Data block:
• • • • • • •
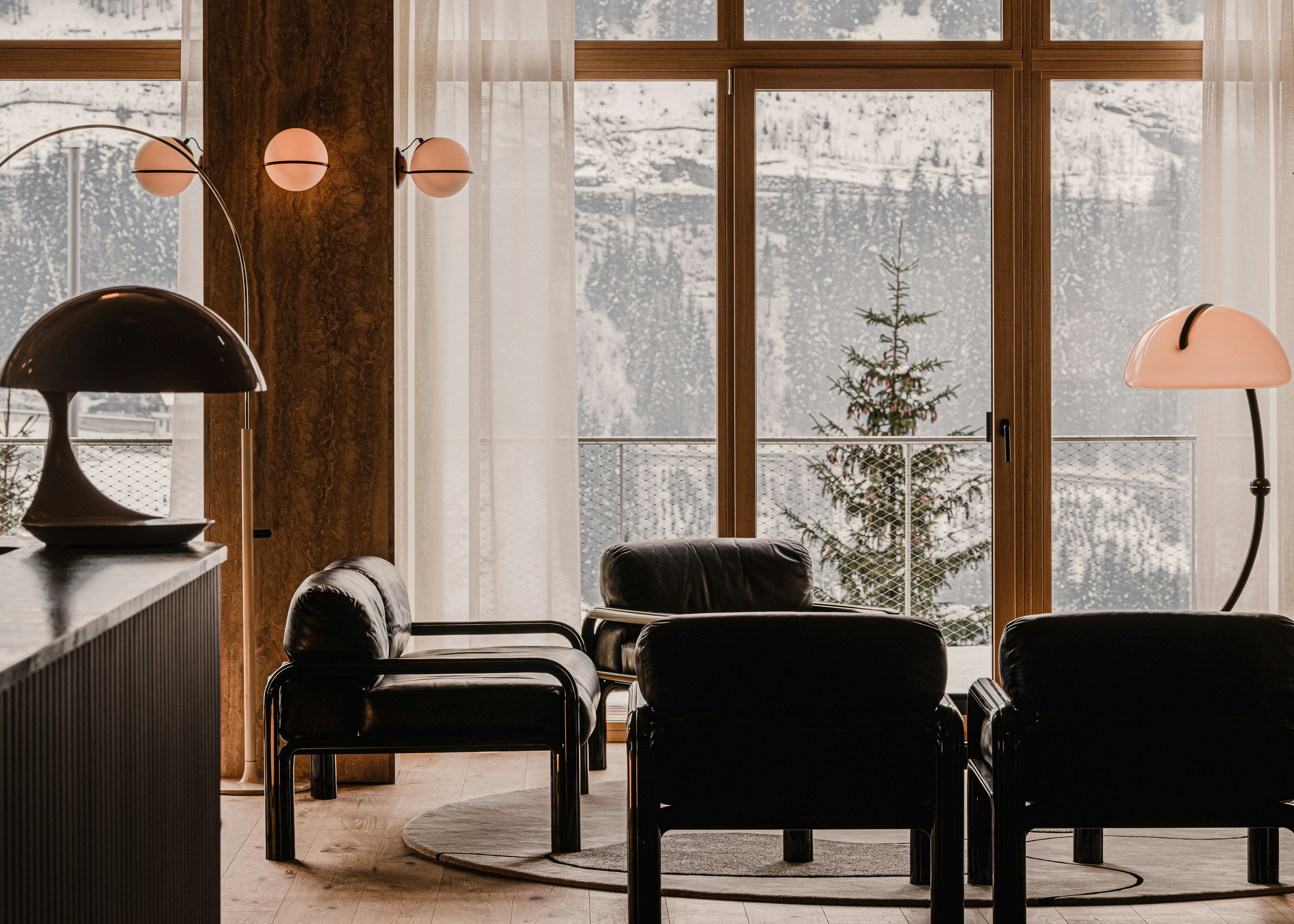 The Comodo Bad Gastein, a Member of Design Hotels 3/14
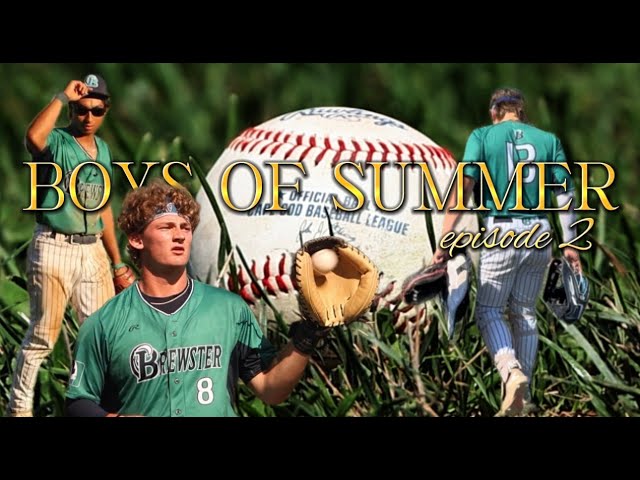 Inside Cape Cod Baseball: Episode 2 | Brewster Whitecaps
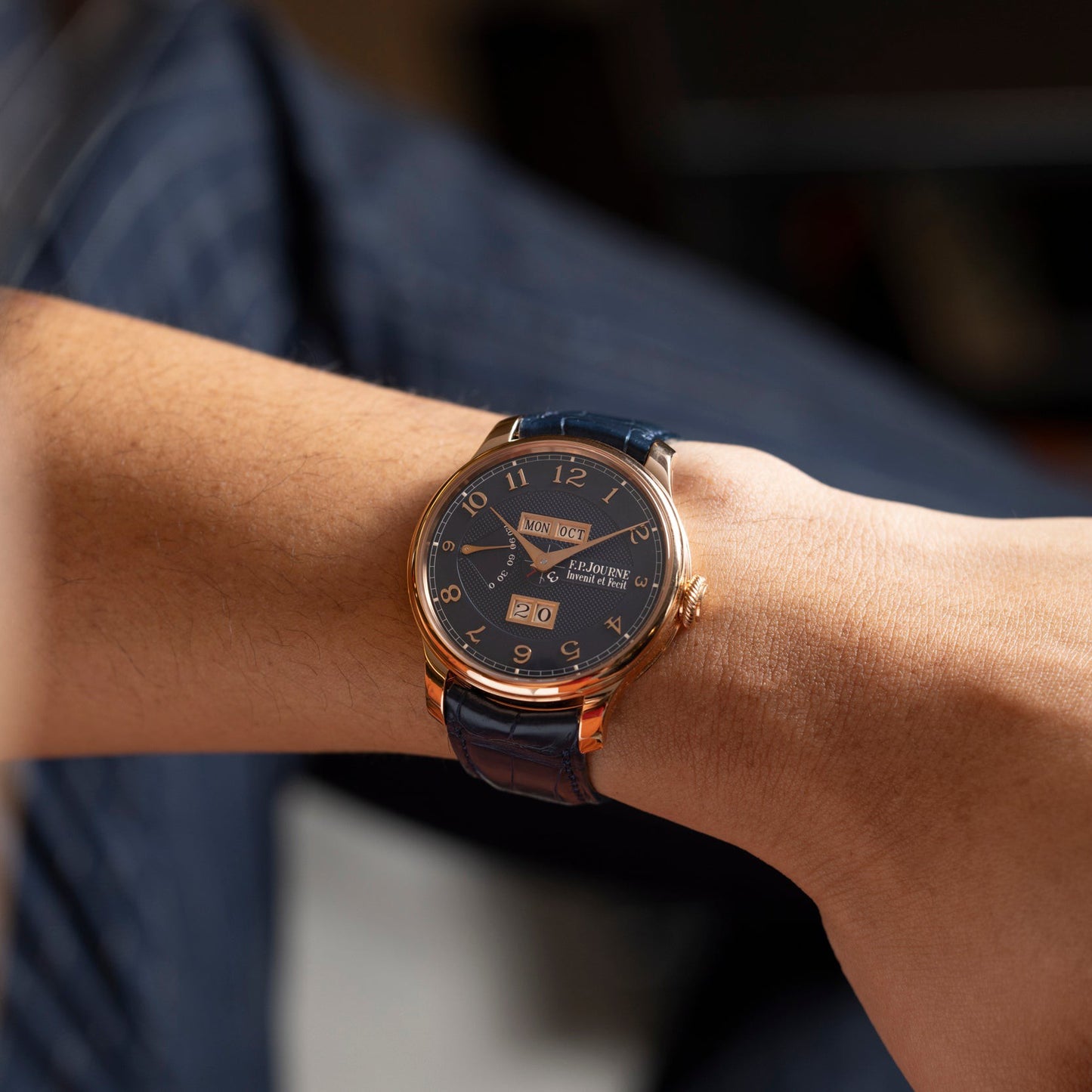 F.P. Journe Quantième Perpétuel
• • • • • • •
Please produce an exact copy of all the material, leaving out the pictures.

 The Comodo Bad Gastein, a Member of Design Hotels 3/14
 Inside Cape Cod Baseball: Episode 2 | Brewster Whitecaps
 F.P. Journe Quantième Perpétuel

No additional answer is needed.